With this, Benthe Norheim captures the ambiguity, which becomes apparent in Ibsen’s play in the final scene, when Mrs. Ellida Wangel, who the locals call The Lady of the Sea, conquers her terror and the lure of the sea and decides to turn her back to it and join the fellowship and civilisation and become her stepdaughter’s protector instead. This is the ambiguity, which every human contains, and which in the New Testament is denoted by the dual concept of “flesh and soul“.
So it is she, who looks into the town and the church.
The journey is a central theme for Benthe Norheim. This is witnessed by titles like The Walkers, The Flyers, Travel, Journey, Flyers, Crossing the Sea, and Visitors. The Campingwomen are also travelling, not just from Mygdal to Stavanger, they will be driven from one location to another in and around Stavanger all year long.
The Campingwomen made me think immediately about the myth of the Pilgrim, the first time I saw them. Not just because of the road chapel dedicated to Our Lady, but also because four of the women are travelling in one sense or another and thereby make the journey a theme. Life is a journey. And the fifth, the Siren, is a seductive female figure from the Odyssey, who lures sailors into dangerous waters so that they are stranded and die. So, as far as they are concerned, the journey is over.
A pilgrim is a traveller who journeys to a holy place - Rome, Santiago di Compostella, Nidaros. But the actual meaning of “pelegrinus” which the word stems from, is “foreign”. The idea in the myth of the pilgrim, which goes back to the Middle Ages, is that the human being is a stranger, a foreigner here on earth. We are like guests passing through on a journey. We know the theme from Steen Steensen Blicher’s “The time is coming when I must leave”: “Because I am also only here temporarily and have a home somewhere else.”, or from Granting’s “And so we travel to our fatherland…” They point, just like Peter Dass in “About all my limbs” at the fact that humans live on earth only as guests, and have their real citizenship in the Kingdom of God.

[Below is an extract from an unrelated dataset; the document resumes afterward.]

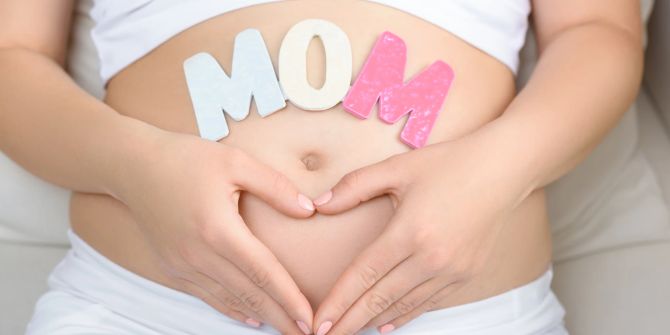 Schwangerschaft Hand auf Bauch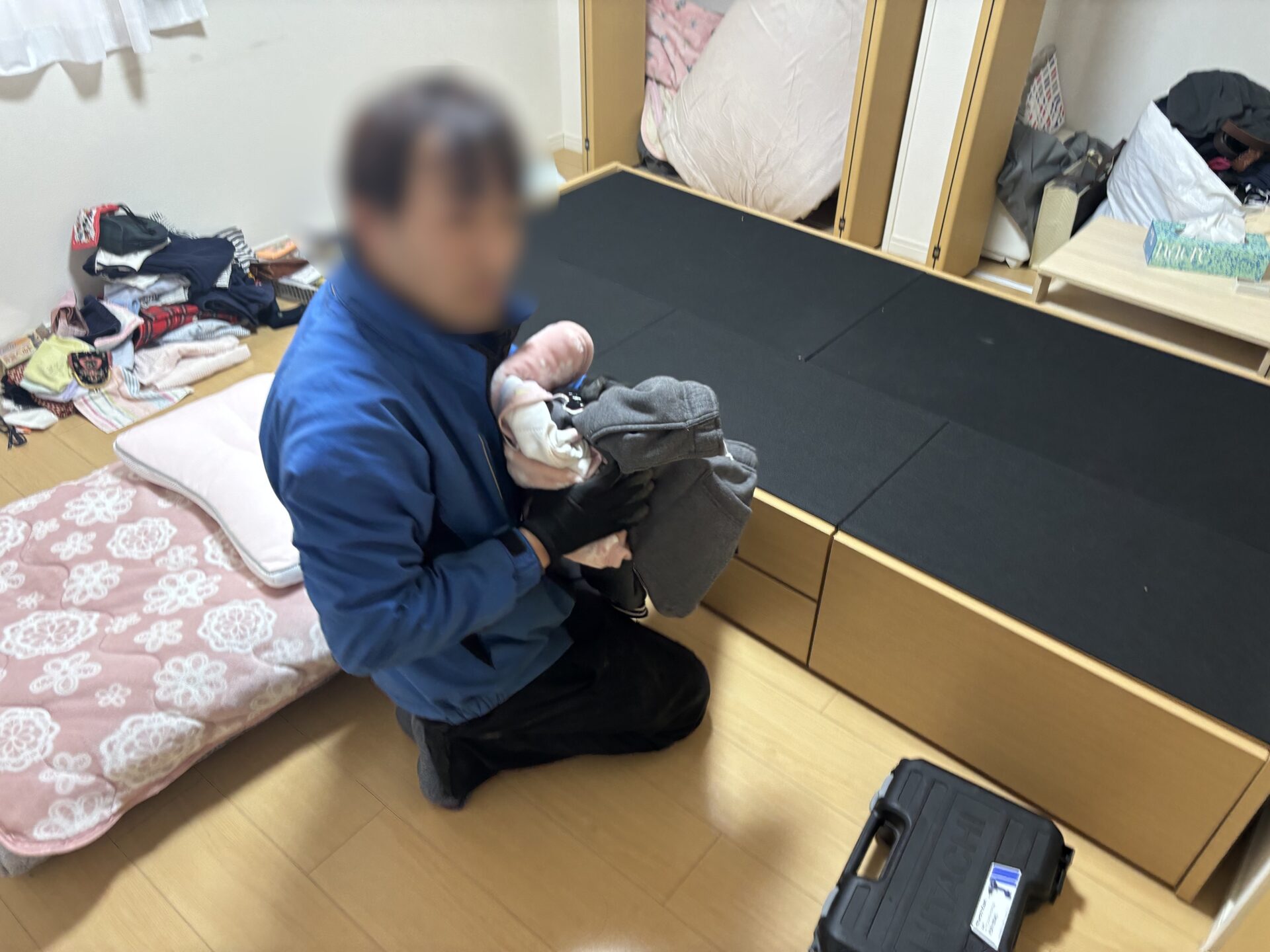 「衣類・こたつなどをまとめて回収しました」作業写真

Theologically speaking, the thought has its origins in the Middle Ages, where wars and plague catastrophes like the “Black Death” put the focus on death and created a longing for a better world. In the architecture the longing is expressed in the Gothic, with its Heaven-bound lines. A Gothic church appears to almost float.

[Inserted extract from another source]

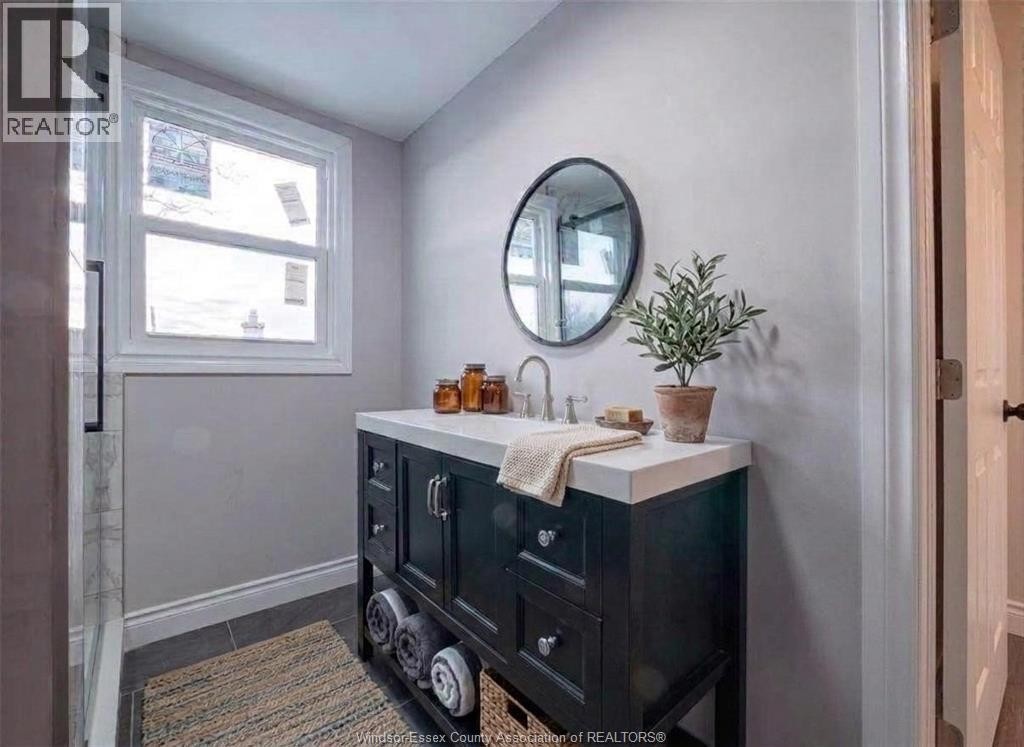 1165 Elm Avenue, Windsor, ON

An example of the religiosity, which is equivalent to this, is Selma Lagerlof’s “Jerusalem”. Here, she depicts people with a bizarre Gothic Christianity. They leave everything, because they do not belong anywhere on Earth. They travel to Jerusalem in order to be the first in the queue for the heavenly Jerusalem. This unease, which comes from belonging everywhere and nowhere is a characteristic of the modern, rootless city person. It is therefore no coincidence that this deeply felt Gothic religiosity has a special appeal today.
Within this restless unease, Marit Benthe Norheim, who has herself lived in such different places as India, Norway and London and now also Mygdal, points at some classical reference points, which are still valid, and which she holds dear: mercy and care, the belief in values which stretch you past the self and make you bigger than you could be alone .

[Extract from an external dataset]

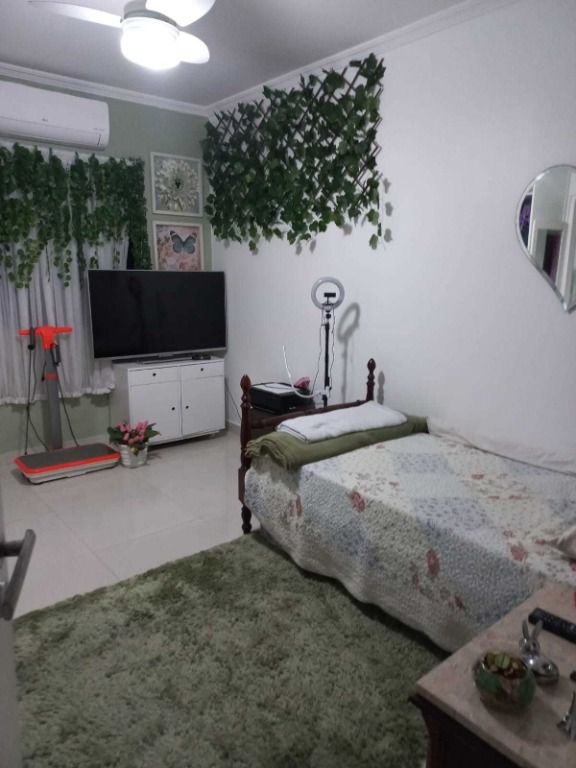 Apartamento à venda com 3 quartos, 118m² - Foto 13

But at the same time, one can see the ironic dig, especially in the Campingwomen, that the modern human may make themselves smaller than they could be. That instead of being a true traveller in the world, one is only a tourist in one’s own life and not really present.
So it is completely logical, if one would have like to have played Kim Larsen’s “Om lidt bliver det stille” (In a little while it will be quiet), which continues; did you see what you wanted to?